About this exercise | Reproduce the records below exactly, leaving out any pictures.

Records for the task |
+ + +

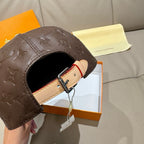 Louis Vuitton cap opening with dark brown leather and adjustable tan strap with metal buckle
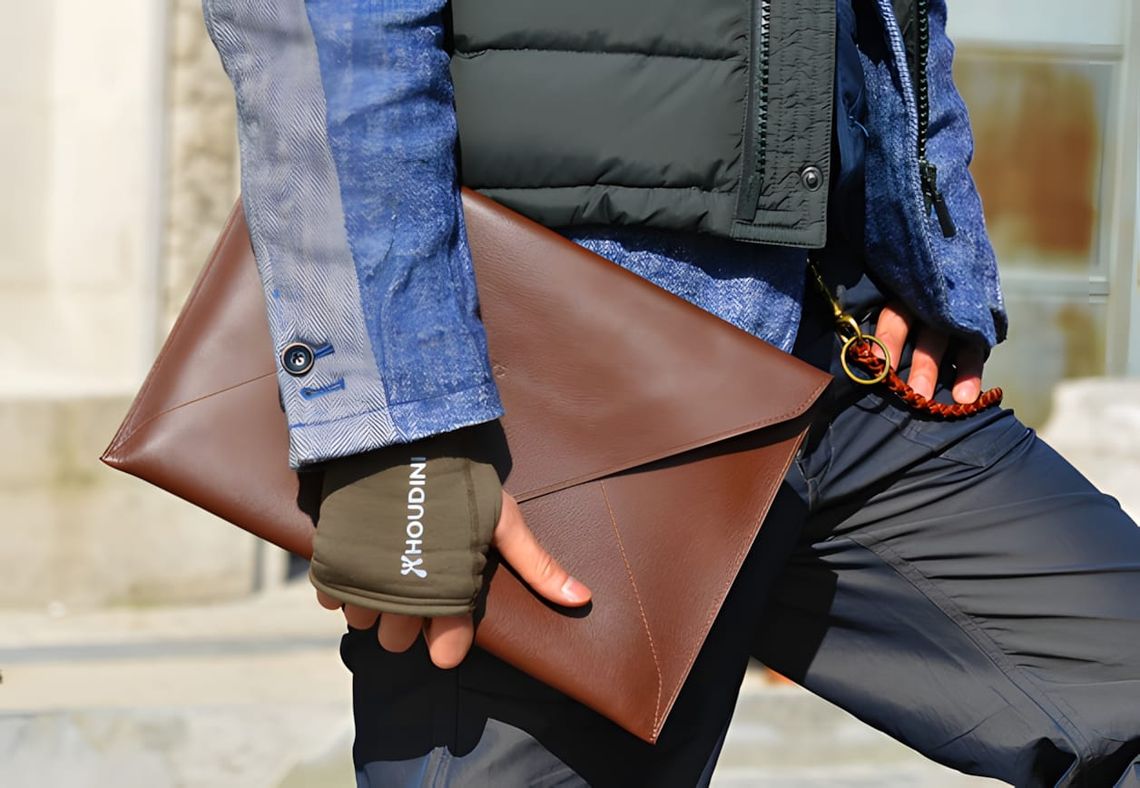 Vegetable-tanned leather envelope document case with folded flap closure, shown flat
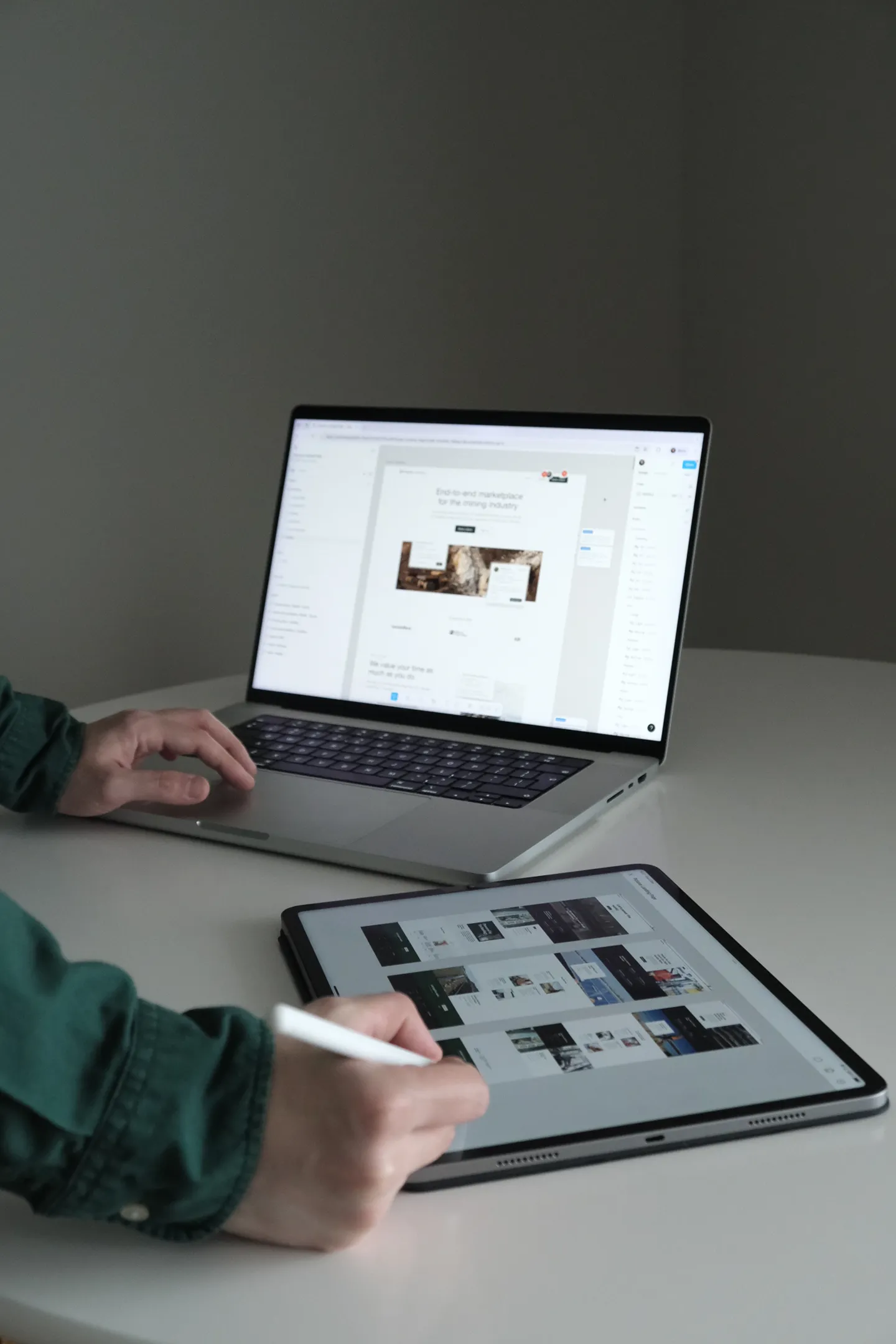 Person using stylus on tablet displaying design layouts, with laptop showing webpage design in background.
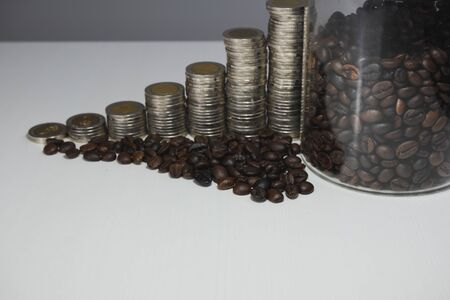 coffee bean in glass bottle with coins graph, business growth concept.の写真素材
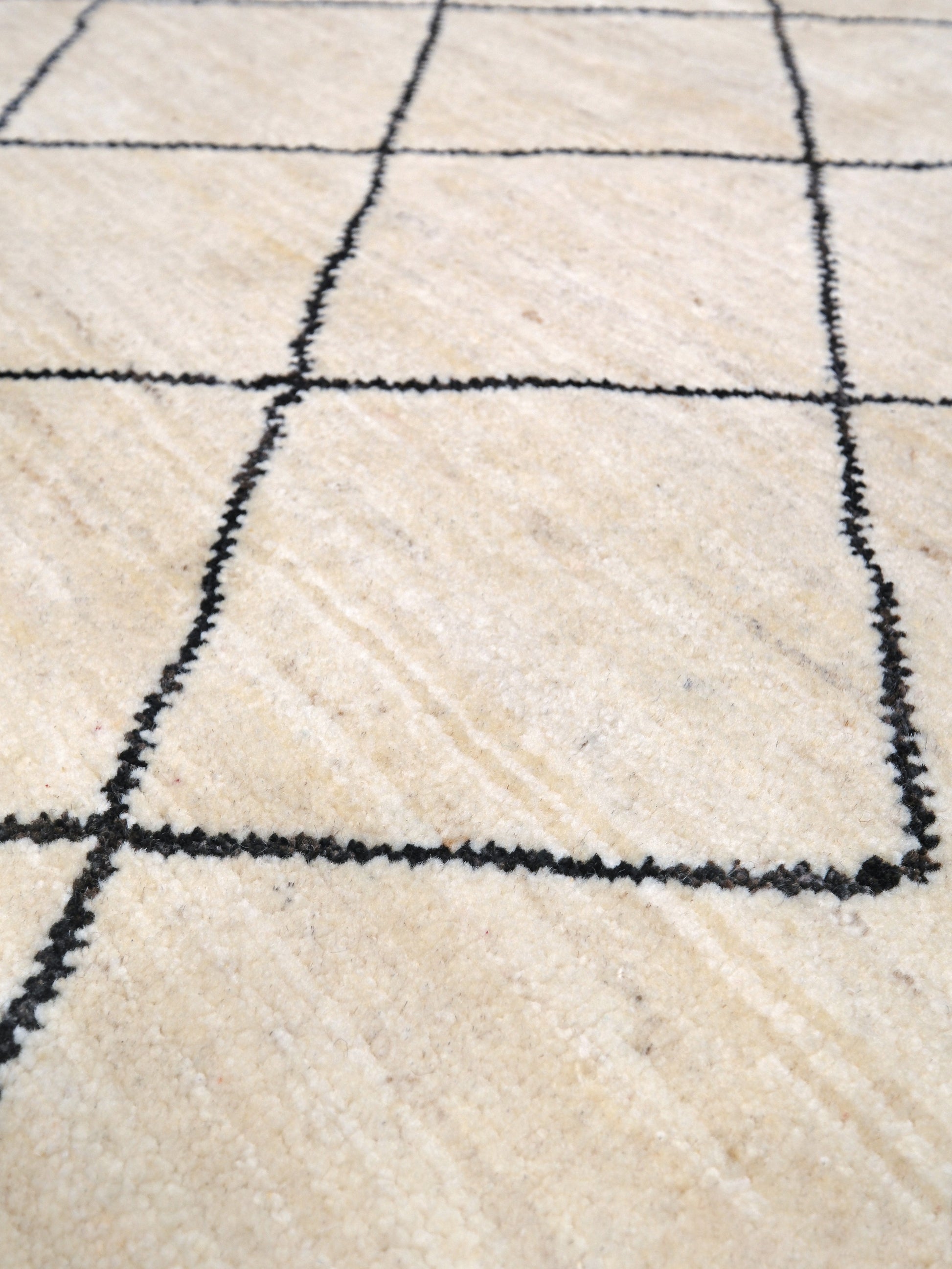 Ivory natural beige minimalist Moroccan handmade wool rug with black diamond pattern, soft cream field and organic modern geometric design, 6x8 from Indigo Rugs Burlingame Bay Area.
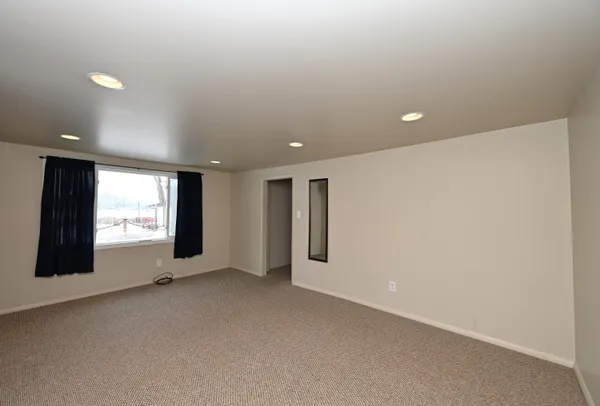 a view of an empty room with a window and fireplace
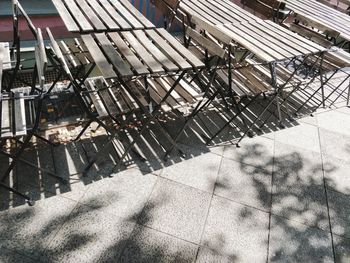 High angle view of empty tables and chairs at sidewalk cafe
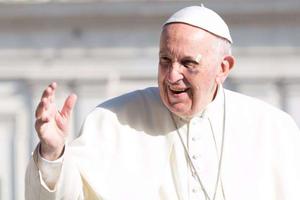Pope Francis waves to pilgrims during his Sept. 13 general audience in St. Peter's Square. 

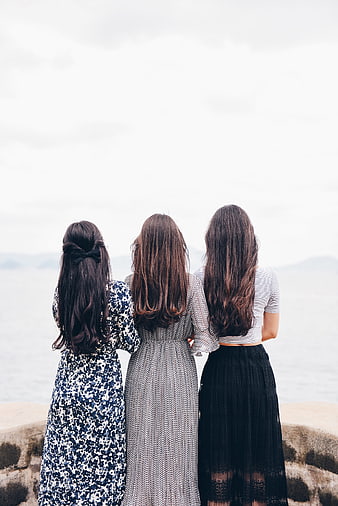 Three Women Standing Back to Back by the Sea
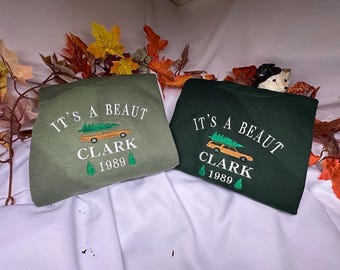 It's a Beaut Clark Embroidered Christmas Sweatshirt
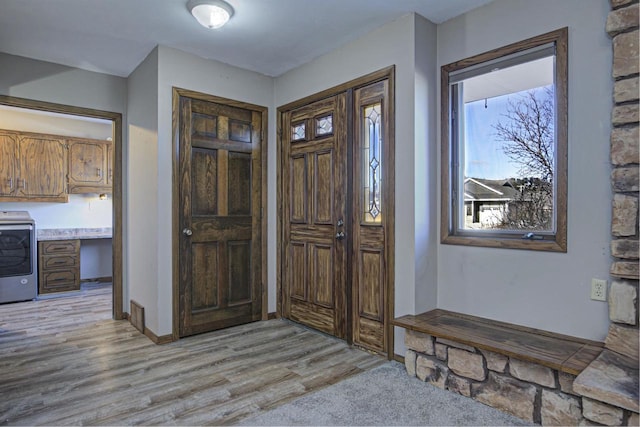 foyer entrance featuring built in desk, washer / clothes dryer, and light wood-style flooring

+ + +

Result below |
 Louis Vuitton cap opening with dark brown leather and adjustable tan strap with metal buckle
 Vegetable-tanned leather envelope document case with folded flap closure, shown flat
 Person using stylus on tablet displaying design layouts, with laptop showing webpage design in background.
 coffee bean in glass bottle with coins graph, business growth concept.の写真素材
 Ivory natural beige minimalist Moroccan handmade wool rug with black diamond pattern, soft cream field and organic modern geometric design, 6x8 from Indigo Rugs Burlingame Bay Area.
 a view of an empty room with a window and fireplace
 High angle view of empty tables and chairs at sidewalk cafe
Pope Francis waves to pilgrims during his Sept. 13 general audience in St. Peter's Square. 

 Three Women Standing Back to Back by the Sea
 It's a Beaut Clark Embroidered Christmas Sweatshirt
 foyer entrance featuring built in desk, washer / clothes dryer, and light wood-style flooring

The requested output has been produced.